Search code examples
pythonnlpnltkanalysis

Is there a function that allows me to determine if a text talks about a pre defined topic?


I want to write topic lists to check whether a review talks about one of the defined topics. It's important for me to write the topic lists myself and not use topic modeling to find possible topics.

I thought this is called dictionary analysis, but I can't find anything.

I have a data frame with reviews from amazon:

df = pd.DataFrame({'User': ['UserA', 'UserB','UserC'], 
'text': ['Example text where he talks about a phone and his charging cable',
 'Example text where he talks about a car with some wheels',
 'Example text where he talks about a plane']})

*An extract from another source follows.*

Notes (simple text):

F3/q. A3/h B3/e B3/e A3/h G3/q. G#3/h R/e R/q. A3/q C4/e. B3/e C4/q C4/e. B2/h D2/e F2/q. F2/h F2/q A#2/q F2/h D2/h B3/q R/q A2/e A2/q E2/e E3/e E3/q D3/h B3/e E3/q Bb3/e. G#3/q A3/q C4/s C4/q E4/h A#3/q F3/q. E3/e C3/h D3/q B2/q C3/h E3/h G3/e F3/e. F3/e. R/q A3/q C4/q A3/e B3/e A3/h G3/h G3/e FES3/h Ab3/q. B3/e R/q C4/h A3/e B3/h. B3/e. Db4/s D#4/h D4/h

Now I want to define topic lists:

phone = ['phone', 'cable', 'charge', 'charging', 'call', 'telephone']
car = ['car', 'wheel','steering', 'seat','roof','other car related words']
plane = ['plane', 'wings', 'turbine', 'fly']

The result of the method should be 3/12 for the "phone" topic of the first review (3 words of the topic list where in the review which has 12 words) and 0 for the other two topics.

The second review would result in 2/11 for the "car" topic and 0 for the other topics and for the third review 1/8 for the "plane" topic and 0 for the others.

Results as a list:

phone_results = [0.25, 0, 0]
car_results = [0, 0.18181818182, 0]
plane_results = [0, 0, 0.125]

Of course I would only use lowercase wordstems of the reviews which makes defining topics easier, but this should not be of concern now.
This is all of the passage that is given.